■ Task details
Look for "https" in every line of the listing. Copy the lines that have it.

■ Extracted material
• • • • • • •
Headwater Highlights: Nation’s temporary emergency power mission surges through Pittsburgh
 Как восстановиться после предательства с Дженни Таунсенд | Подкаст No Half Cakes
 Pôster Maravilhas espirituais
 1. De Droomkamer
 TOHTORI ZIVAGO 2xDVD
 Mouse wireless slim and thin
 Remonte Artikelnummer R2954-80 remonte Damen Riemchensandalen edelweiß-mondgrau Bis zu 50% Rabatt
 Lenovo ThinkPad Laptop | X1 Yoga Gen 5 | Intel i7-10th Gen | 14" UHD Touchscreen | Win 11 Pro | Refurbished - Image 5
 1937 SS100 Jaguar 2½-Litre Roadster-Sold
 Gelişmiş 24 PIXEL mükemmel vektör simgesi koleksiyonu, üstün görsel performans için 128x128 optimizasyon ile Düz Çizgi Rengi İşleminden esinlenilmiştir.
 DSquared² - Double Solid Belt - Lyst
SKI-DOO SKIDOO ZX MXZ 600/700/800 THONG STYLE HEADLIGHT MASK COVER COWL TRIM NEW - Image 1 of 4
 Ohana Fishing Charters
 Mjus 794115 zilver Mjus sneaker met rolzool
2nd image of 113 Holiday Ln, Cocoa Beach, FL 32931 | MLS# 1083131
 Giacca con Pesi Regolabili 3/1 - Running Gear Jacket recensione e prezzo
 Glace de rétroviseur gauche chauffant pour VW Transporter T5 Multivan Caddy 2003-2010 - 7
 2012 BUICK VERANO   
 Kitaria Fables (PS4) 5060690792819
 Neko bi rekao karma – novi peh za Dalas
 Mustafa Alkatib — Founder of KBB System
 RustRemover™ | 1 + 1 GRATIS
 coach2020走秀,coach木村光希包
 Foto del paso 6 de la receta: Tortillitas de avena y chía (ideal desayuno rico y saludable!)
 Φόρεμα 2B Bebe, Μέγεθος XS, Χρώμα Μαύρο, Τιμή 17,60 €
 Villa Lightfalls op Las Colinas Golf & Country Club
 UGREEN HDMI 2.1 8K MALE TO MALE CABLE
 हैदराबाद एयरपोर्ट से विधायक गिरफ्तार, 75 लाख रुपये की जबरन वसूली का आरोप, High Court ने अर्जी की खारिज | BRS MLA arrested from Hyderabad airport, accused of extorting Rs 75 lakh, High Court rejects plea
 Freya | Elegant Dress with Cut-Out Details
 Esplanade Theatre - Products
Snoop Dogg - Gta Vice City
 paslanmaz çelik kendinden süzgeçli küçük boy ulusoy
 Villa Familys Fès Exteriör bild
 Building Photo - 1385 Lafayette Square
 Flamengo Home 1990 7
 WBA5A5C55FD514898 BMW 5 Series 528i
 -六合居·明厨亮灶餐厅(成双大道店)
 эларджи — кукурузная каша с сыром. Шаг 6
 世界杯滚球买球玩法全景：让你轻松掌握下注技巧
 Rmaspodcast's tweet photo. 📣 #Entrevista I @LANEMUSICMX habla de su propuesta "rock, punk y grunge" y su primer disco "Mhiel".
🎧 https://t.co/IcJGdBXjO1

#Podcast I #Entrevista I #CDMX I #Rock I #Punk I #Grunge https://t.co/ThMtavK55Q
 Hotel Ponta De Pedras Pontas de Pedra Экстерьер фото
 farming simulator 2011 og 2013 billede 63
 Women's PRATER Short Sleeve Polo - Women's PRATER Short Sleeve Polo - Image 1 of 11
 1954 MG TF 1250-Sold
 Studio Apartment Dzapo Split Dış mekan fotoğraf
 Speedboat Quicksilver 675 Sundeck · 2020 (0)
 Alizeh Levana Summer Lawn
• • • • • • •
■ Task solution
🎧 https://t.co/IcJGdBXjO1
#Podcast I #Entrevista I #CDMX I #Rock I #Punk I #Grunge https://t.co/ThMtavK55Q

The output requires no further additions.